Last week, I stopped by the offices of Falcon Studios, a company formed in 1971, in the early years of porn’s first golden age. I left three years ago to produce a documentary on the birth of the industry, and I was back to dig through their archives to see what I could find. Yellowed bankers boxes guarded 16mm film canisters scribbled with names of long-defunct companies, Brentwood and Nova and Tel-Star. Stacks of magazines from the late ’70s with ads for photosets and 8mm home projectors.

What none of the magazines bothered to mention was that even back then, the industry was facing a monumental crisis. Unscrupulous theater owners were making illegal dupes of 16mm reels, rendering high-end production like “Behind the Green Door” and “Deep Throat” unprofitable. Stagflation had rendered the consumer limp. Local vice squads and FBI sting operations were driving small-time producers out of business. Some of porn’s most storied players, including the Mitchell Brothers, were abandoning film in favor of live shows. What we remember as halcyon days and “Boogie Nights” was, for many, a nightmare.

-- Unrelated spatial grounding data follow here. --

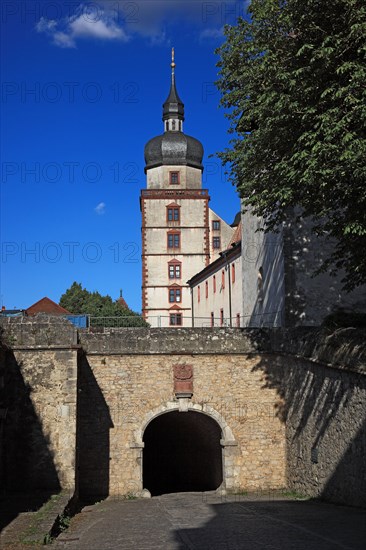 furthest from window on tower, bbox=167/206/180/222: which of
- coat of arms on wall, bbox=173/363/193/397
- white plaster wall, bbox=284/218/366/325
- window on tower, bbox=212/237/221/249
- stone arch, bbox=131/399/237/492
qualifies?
stone arch, bbox=131/399/237/492

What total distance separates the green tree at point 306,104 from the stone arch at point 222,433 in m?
6.64

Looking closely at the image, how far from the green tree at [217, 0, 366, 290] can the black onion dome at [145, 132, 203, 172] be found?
4976 cm

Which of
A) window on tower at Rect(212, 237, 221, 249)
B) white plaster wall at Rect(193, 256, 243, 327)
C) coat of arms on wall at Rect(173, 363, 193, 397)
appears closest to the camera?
coat of arms on wall at Rect(173, 363, 193, 397)

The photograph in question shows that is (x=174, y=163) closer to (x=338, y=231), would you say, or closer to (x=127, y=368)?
(x=127, y=368)

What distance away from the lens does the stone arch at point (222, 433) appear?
20047 millimetres

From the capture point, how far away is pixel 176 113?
68.5 metres

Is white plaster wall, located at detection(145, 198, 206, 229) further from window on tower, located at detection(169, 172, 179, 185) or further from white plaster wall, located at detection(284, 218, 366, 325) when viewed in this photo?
white plaster wall, located at detection(284, 218, 366, 325)

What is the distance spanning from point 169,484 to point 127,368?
31.6 feet

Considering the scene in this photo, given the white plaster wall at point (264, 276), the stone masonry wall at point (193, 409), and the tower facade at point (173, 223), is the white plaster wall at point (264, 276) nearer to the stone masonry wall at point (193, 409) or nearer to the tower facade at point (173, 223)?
the stone masonry wall at point (193, 409)

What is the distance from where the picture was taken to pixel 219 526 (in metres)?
13.0

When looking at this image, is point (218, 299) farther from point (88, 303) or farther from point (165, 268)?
point (88, 303)

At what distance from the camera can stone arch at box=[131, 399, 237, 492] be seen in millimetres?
20047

And the magazines bear no mention of the technology that would reinvent the industry, the VCR. Few saw it coming, but it minted a thousand new millionaires overnight. So I’m keeping an eye on my old friends. They may not know it, but the next golden age could be right around the corner.

Michael Stabile is a writer and filmmaker based in Los Angeles. He is currently in production on a documentary about pornographer Chuck Holmes and his relationship with the gay rights movement. You can follow him at twitter.com/mikestabile.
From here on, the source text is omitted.